In step 112, control determines whether a failure is indicated based on the DCS. If a failure is indicated, control sets a failure status flag in step 114 and continues in step 118. If a failure is not indicated, continues in step 116. In step 116, control determines whether the ignition signal diagnostic system is to be enabled based on the DCS. If the ignition signal diagnostic system is not to be enabled, the ignition signal diagnostic is disabled in step 118 and control ends. If the ignition signal diagnostic system is to be enabled, the ignition signal diagnostic system is enabled in step 120 and control ends.

Those skilled in the art can now appreciate from the foregoing description that the broad teachings of the present invention can be implemented in a variety of forms. Therefore, while this invention has been described in connection with particular examples thereof, the true scope of the invention should not be so limited since other modifications will become apparent to the skilled practitioner upon a study of the drawings, the specification and the following claims.

Claims

1. An engine control system, comprising:

an ignition switch that selectively initiates an ignition signal and an operating mode of an engine;

a powertrain relay that selectively generates a pr load signal based on said ignition signal and said operating mode; and

a control module that enables an ignition signal diagnostic system when said operating mode is a run mode, said ignition signal is generated and said pr load signal is generated.

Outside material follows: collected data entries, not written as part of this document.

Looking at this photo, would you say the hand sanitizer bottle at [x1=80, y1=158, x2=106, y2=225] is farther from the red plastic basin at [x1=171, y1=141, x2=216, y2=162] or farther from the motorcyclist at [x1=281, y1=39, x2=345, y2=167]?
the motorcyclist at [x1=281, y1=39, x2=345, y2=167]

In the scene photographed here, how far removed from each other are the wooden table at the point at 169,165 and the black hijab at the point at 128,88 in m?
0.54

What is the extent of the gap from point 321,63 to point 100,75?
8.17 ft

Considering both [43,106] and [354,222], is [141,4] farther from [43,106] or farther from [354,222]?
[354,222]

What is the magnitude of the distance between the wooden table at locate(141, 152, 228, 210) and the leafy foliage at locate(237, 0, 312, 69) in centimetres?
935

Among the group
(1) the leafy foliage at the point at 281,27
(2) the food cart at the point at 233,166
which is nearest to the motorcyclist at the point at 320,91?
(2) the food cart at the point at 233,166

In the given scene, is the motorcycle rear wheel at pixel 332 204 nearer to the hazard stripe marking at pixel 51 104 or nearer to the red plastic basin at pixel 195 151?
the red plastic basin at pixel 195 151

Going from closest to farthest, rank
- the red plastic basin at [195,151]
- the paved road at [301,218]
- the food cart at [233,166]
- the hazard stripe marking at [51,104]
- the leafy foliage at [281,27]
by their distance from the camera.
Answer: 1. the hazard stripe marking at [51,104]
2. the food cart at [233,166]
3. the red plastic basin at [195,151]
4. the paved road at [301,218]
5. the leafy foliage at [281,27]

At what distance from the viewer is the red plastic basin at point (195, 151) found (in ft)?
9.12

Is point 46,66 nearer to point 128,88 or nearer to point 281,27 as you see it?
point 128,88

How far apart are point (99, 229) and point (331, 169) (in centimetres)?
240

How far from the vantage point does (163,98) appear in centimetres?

2. The engine control system of claim 1 wherein said control module disables said ignition signal diagnostic system when said operating mode is other than said run mode.

3. The engine control system of claim 1 wherein said control module disables said ignition signal diagnostic system when said operating mode is said run mode and said pr load signal is not generated.

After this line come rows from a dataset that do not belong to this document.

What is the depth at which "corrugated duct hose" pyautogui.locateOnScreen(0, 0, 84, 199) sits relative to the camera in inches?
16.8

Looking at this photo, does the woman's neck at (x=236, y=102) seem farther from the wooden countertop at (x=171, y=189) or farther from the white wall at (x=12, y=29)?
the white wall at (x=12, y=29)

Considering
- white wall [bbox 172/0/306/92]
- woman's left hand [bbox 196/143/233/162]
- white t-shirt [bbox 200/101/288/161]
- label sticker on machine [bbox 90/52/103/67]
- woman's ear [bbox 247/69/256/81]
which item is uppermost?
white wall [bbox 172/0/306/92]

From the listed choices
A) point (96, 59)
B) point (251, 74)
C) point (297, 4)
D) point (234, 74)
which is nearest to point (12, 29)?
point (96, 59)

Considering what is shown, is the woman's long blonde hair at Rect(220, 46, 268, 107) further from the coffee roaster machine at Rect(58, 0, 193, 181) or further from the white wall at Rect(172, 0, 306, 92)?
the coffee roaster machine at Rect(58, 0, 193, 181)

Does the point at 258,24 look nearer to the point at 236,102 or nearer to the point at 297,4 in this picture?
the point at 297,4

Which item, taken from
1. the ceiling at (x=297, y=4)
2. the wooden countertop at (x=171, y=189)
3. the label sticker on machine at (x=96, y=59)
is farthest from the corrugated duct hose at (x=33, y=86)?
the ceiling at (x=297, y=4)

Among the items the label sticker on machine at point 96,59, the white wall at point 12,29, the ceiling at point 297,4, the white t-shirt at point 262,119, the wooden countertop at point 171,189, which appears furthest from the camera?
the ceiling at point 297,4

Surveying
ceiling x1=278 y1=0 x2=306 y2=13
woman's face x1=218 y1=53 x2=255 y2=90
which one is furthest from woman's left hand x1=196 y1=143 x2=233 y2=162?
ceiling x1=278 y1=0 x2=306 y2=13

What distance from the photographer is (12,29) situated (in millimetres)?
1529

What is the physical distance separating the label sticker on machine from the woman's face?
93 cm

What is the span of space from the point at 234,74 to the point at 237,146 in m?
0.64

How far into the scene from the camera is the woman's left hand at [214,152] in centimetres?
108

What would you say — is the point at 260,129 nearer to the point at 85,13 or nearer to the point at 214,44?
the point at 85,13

4. The engine control system of claim 1 wherein said control module indicates a normal status when said operating mode is one of an OFF and an ACCESSORY mode, said ignition signal is not generated and said pr load signal is not generated.

5. The engine control system of claim 1 wherein said control module indicates a normal status when said powertrain relay is active, said pr load signal is generated and said control module generates a control signal to said powertrain relay.

6. The engine control system of claim 1 further comprising an electronic throttle body (ETB) that regulates a throttle of said engine based on said pr load signal.

7. The engine control system of claim 1 further comprising a run/crank (R/C) relay that generates an ignition signal based on a signal from said ignition switch.

8. The engine control system of claim 1 further comprising a mode module that determines said operating mode based on a signal from said ignition switch.

9. A method of coordinating diagnostics of an engine control system, comprising:

determining an operating mode of said engine control system;

monitoring presence of an ignition signal;

monitoring presence of a pr load signal; and

enabling an ignition diagnostic system when said operating mode is a run mode, said ignition signal is present and said pr load signal is present.

10. The method of claim 9 wherein said ignition diagnostic system compares said ignition signal and said pr load signal over a threshold time.

11. The method of claim 9 further comprising:

generating a control signal; and

operating a powertrain relay to generate said pr load signal based on said control signal.

12. The method of claim 11 wherein said control module indicates a normal status when said powertrain relay is active, said pr load signal is present and said control module generates said control signal.

13. The method of claim 9 further comprising disabling said ignition signal diagnostic system when said operating mode is other than said run mode.

14. The method of claim 9 further comprising disabling said ignition signal diagnostic system when said operating mode is said run mode and said pr load signal is not present.

15. The method of claim 9 further comprising indicating a normal status when said operating mode is one of an OFF and an ACCESSORY mode, said ignition signal is not present and said pr load signal is not present.